▶ [TASK STATEMENT]
Return the whole listing, line for line, without the pictures in it.

▶ [DATA SEGMENT]
-*-
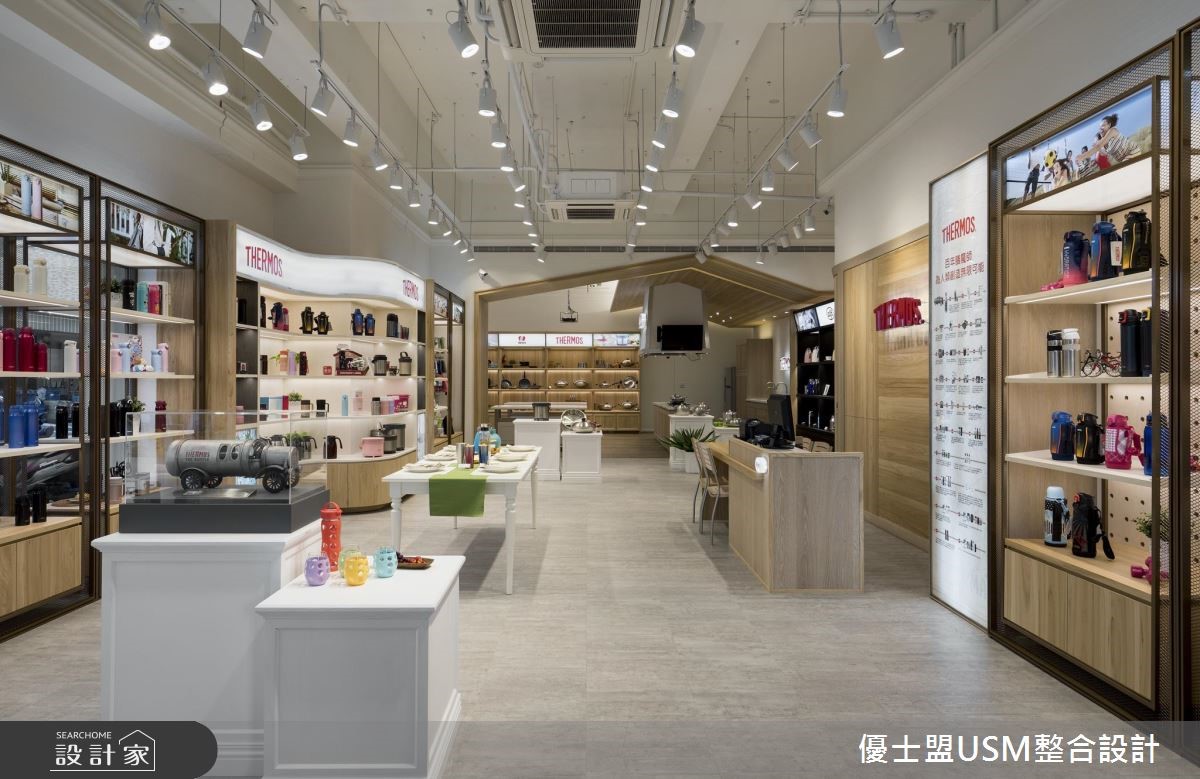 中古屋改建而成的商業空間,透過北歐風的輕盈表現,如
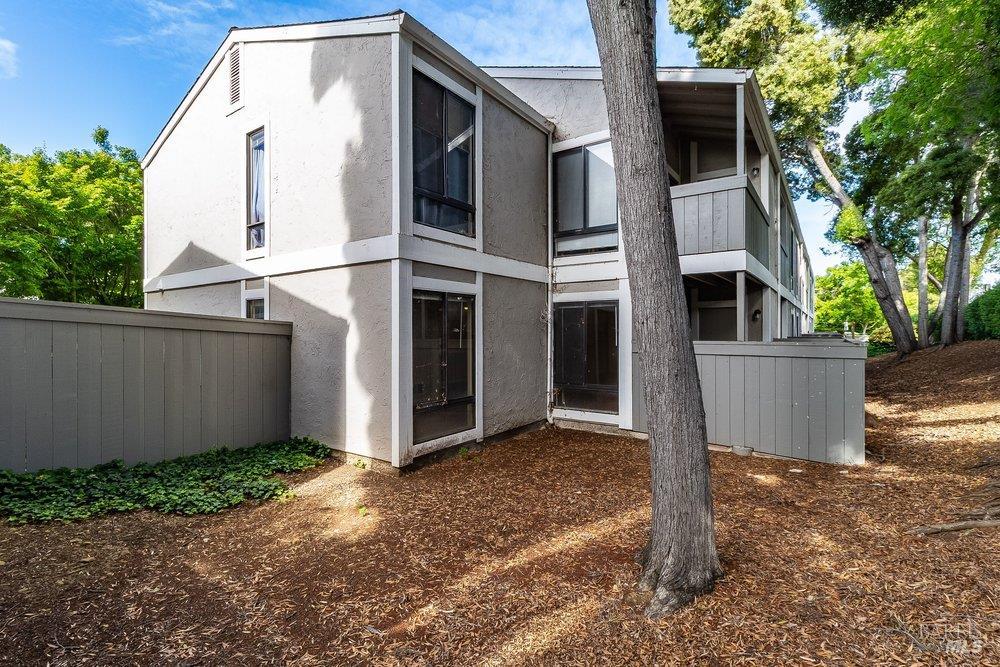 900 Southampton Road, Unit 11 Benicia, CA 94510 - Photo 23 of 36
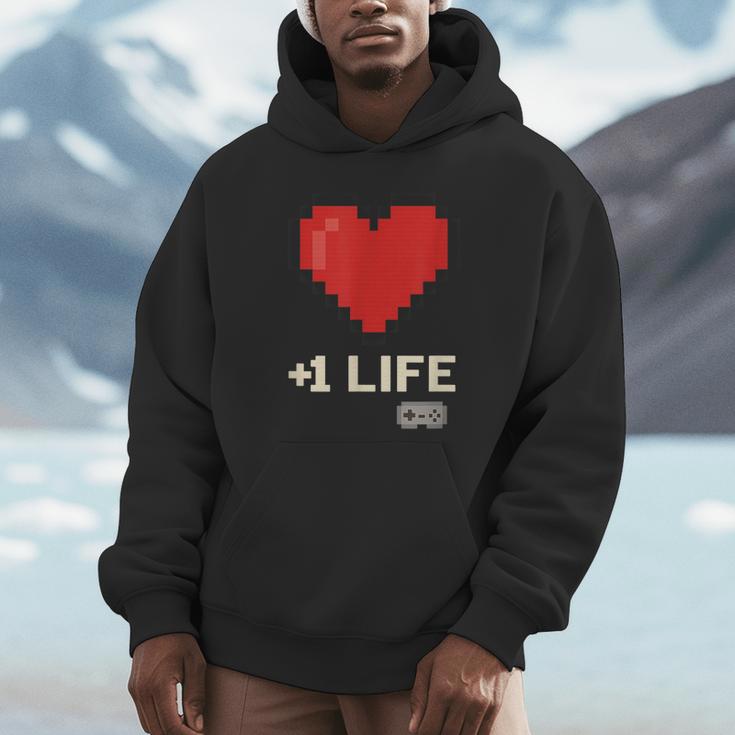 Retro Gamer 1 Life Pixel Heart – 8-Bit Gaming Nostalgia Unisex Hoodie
-*-
▶ [TASK SOLUTION]
 中古屋改建而成的商業空間,透過北歐風的輕盈表現,如
 900 Southampton Road, Unit 11 Benicia, CA 94510 - Photo 23 of 36
 Retro Gamer 1 Life Pixel Heart – 8-Bit Gaming Nostalgia Unisex Hoodie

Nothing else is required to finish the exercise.